Stanowisko rządu w tej sprawie dość jasno wyraził Donald Tusk. Nazwał ostatnio ekspertów z tzw. komisji Macierewicza kabaretem, który nie śmieszy. Przynajmniej jego. To była odpowiedź na pytanie, czy warto z tymi ludźmi rozmawiać. Prof. Smolar także to odradza. "Jak można stwarzać wrażenie, że to są równe strony [eksperci Laska i Macierewicza, przyp. aut.]?" Zachęcał też prof. Kleibera by, jako szef PAN stwierdził, gdzie jest nauka, a gdzie szalbierstwo. Ale czemu opinia publiczna sama nie miałaby tego osądzić, obserwując rzeczoną debatę?
Owszem, ludzie, którzy w parlamentarnym zespole Macierewicza, organie , nie oszukujmy się, czysto politycznym, działają, mają niewielkie pojęcie o badaniu katastrof lotniczych. Są dobrymi specjalistami w różnych dziedzinach, ale na tej specyficznej sferze średnio się wyznają. Potwierdzają to zresztą ich zeznania w prokuraturze, z których wynika, że pasjonują się lotnictwem, ale zawodowo niewiele z nim mieli wspólnego. A więc raczej hobbyści, a nie spece i nie ma w tej kwestii wątpliwości.

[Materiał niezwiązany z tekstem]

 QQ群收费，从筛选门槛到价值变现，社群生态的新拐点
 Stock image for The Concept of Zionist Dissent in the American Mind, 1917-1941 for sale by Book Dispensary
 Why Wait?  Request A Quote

Problem polega jednak na tym, że ci hobbyści i kabareciarze stworzyli podwaliny pod smoleńską wersję wydarzeń, która przemawia do wcale nie małej grupy naszego społeczeństwa. Grupy, która jest albo stuprocentowo przekonana, albo przychyla się do wersji, że w Smoleńsku doszło do zamachu. Według jednego z sondaży to nawet 1/3 Polaków. A więc ta 1/3 najwyraźniej nie podważa ich kompetencji do wyrażania swoich eksperckich sądów.

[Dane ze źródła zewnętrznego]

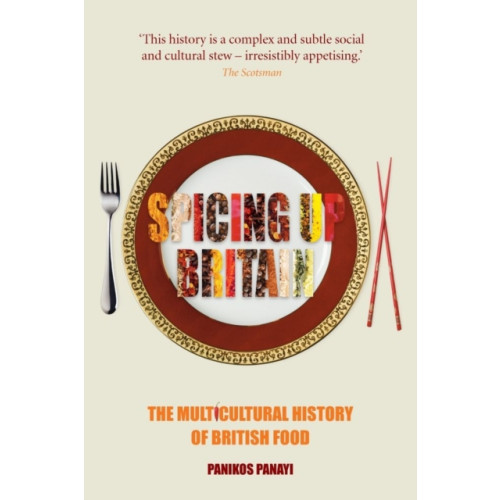 Reaktion Books Spicing up Britain (häftad, eng)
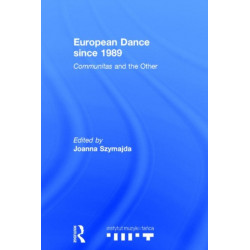 European Dance since 1989: Communitas and the Other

Wiara w kompetencje Wiesława Biniendy, Kazimierza Nowaczyka czy Grzegorza Szuladzińskiego nie wzięła się znikąd. To efekt tego, że od dłuższego czasu opowiadają swoje wersje wydarzeń bez żadnej konfrontacji z ekspertami w dziedzinie wypadków lotniczych. Swoje referaty wygłaszają w gronie zwolenników teorii spiskowych, poklepywani są po plecach przez prawicowych publicystów i zagłaskiwani przez polityków PiS.

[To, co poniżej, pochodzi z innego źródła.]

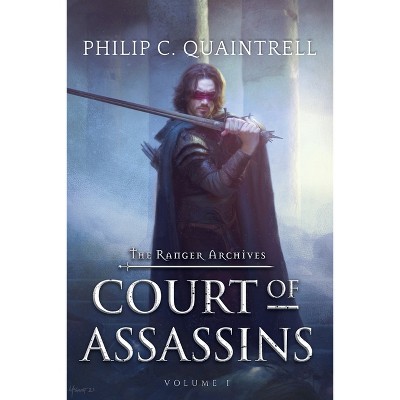 Court of Assassins - (The Ranger Archives) by  Philip C Quaintrell (Paperback)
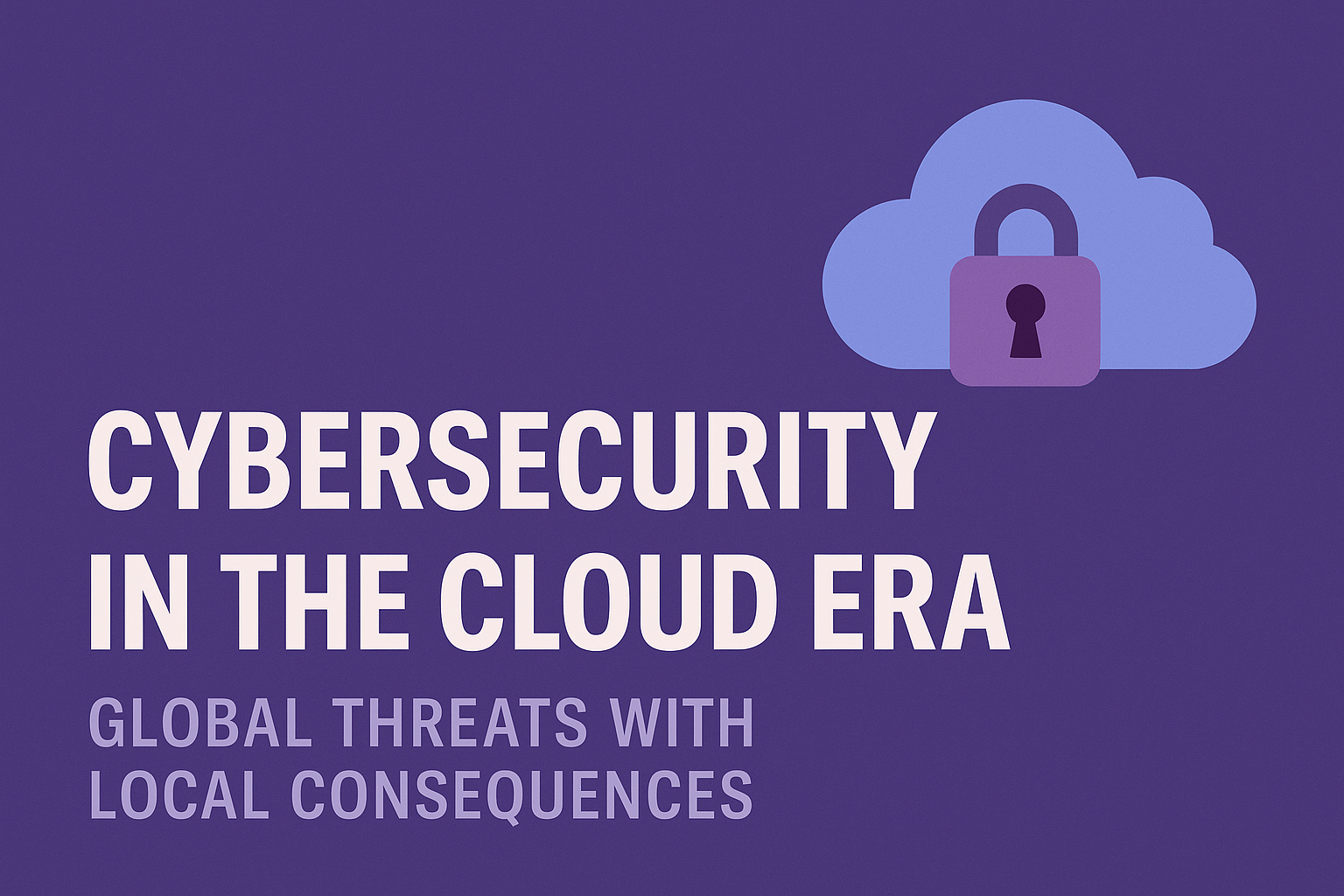 Cybersecurity in the Cloud Era: Global Threats with Local Consequences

Debata w PAN byłaby więc szansą, żeby ich twierdzeniom dali odpór ci, którzy w mediach mówią, że żadnego wybuchu w Smoleńsku nie było. Był za to nieszczęśliwy wypadek i potrafią przekonująco o tym powiedzieć. Bredzą? Udowodnijcie to! To nieśmieszeni kabareciarze? Obnażcie czerstwość ich dowcipów. Pokażcie - siłą argumentów - że to nic niewarci pasjonaci, którzy lepiej niech się zajmą sklejaniem modeli, a nie ogłupianiem ludzi. Dzięki temu, być może, uda się wyrwać przynajmniej część Polaków z obłędu teorii o wybuchach, rosyjskich spiskach i polskich sługusach Kremla. Trzeba jednak siąść do rozmowy, a nie z góry ją wykluczać i uparcie pozostawać przy tym nieznośnym status quo, gdzie jasno wytyczona jest linia między zdrajcami (tymi od Laska) i oszołomami (tymi od Macierewicza).